Publications and Research
Document Type
Article
Publication Date
2026
Abstract
This paper investigates how climate adaptation policies in the Rockaway Peninsula of New York City produce unequal outcomes despite their ostensibly neutral design, framing resilience as an environmental and climate justice problem. Situated within a landscape marked by stark socioeconomic disparities, aging housing stock, and high exposure to coastal flooding, the study demonstrates that existing adaptation strategies—centered on uniform technical standards, insurance frameworks, and large-scale coastal infrastructure—systematically advantage actors with greater financial and institutional capacity while leaving low-income residents, particularly renters, disproportionately vulnerable.
The analysis identifies three core dynamics underlying this “unequal-by-design” resilience regime: (1) the stratified feasibility of compliance with flood standards, which privileges well-capitalized developments and constrains small homeowners and tenants; (2) the reliance on structural metrics that obscure lived vulnerabilities such as chronic dampness, extended outages, and delayed habitability; and (3) the reinforcing effects of public investments that stabilize property values and attract capital in already advantaged areas while neglecting inland and renter-dominated zones.
Building on this diagnosis, the paper evaluates three policy pathways through environmental justice (EJ) and climate justice (CJ) criteria: a status quo compliance-driven model with incremental adjustments, a tenant-centered accommodation framework focused on habitability and lived outcomes, and a transformative approach linking climate resilience to housing justice and collective governance.

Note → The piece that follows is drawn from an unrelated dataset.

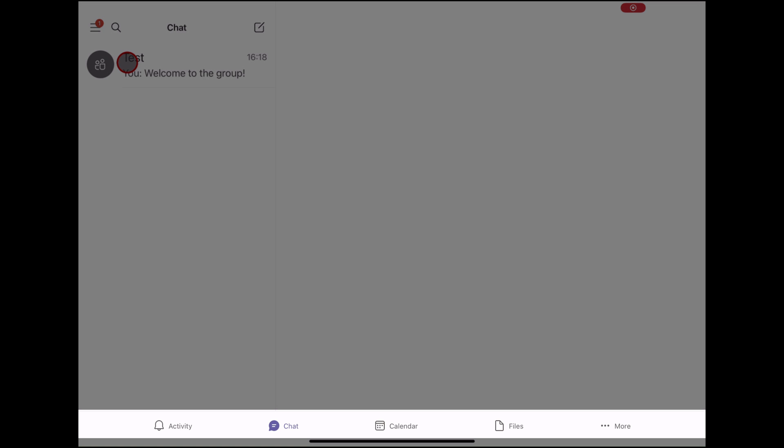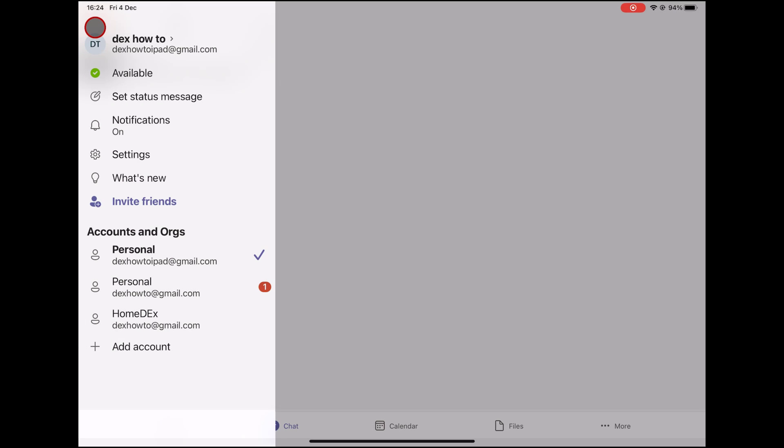To check if you have a personal account or a business account, you can see the bottom taskbar. If you have the Teams button, then it means you have a business account. From what you see now, I have here a personal account. Let's switch to the business account.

Comparative analysis finds that while the status quo pathway is administratively feasible but inequitable, and the transformative pathway is just but politically constrained, the tenant-centered model offers the most effective balance between equity and implementability.

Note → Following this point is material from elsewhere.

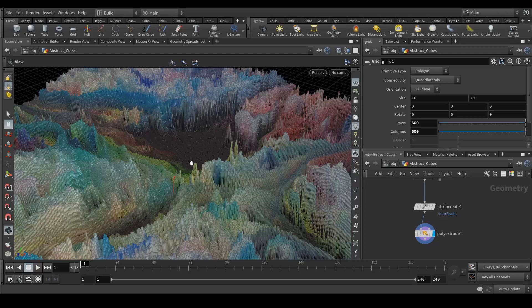I hope you guys like this tutorial. It's very quick and there are many tutorials like this on YouTube, but I thought let's give it a try because it's very easy and very fast to create these kinds of effects in Houdini.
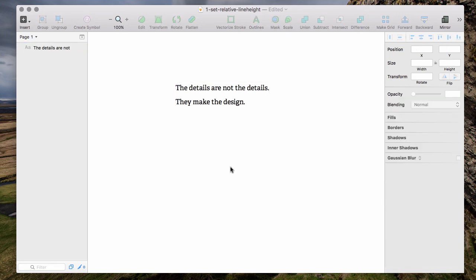Of course it could be easier but it's still better than to always need to set the line height when you resize the text.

The paper concludes that achieving just climate adaptation requires redefining resilience from a narrow focus on structural compliance and asset protection to a broader, capacity-aware framework centered on habitability, health, and the ability of communities to remain safely housed. In the Rockaways and beyond, equitable climate governance depends on aligning policy tools, metrics, and investments with the lived realities of those most exposed to risk.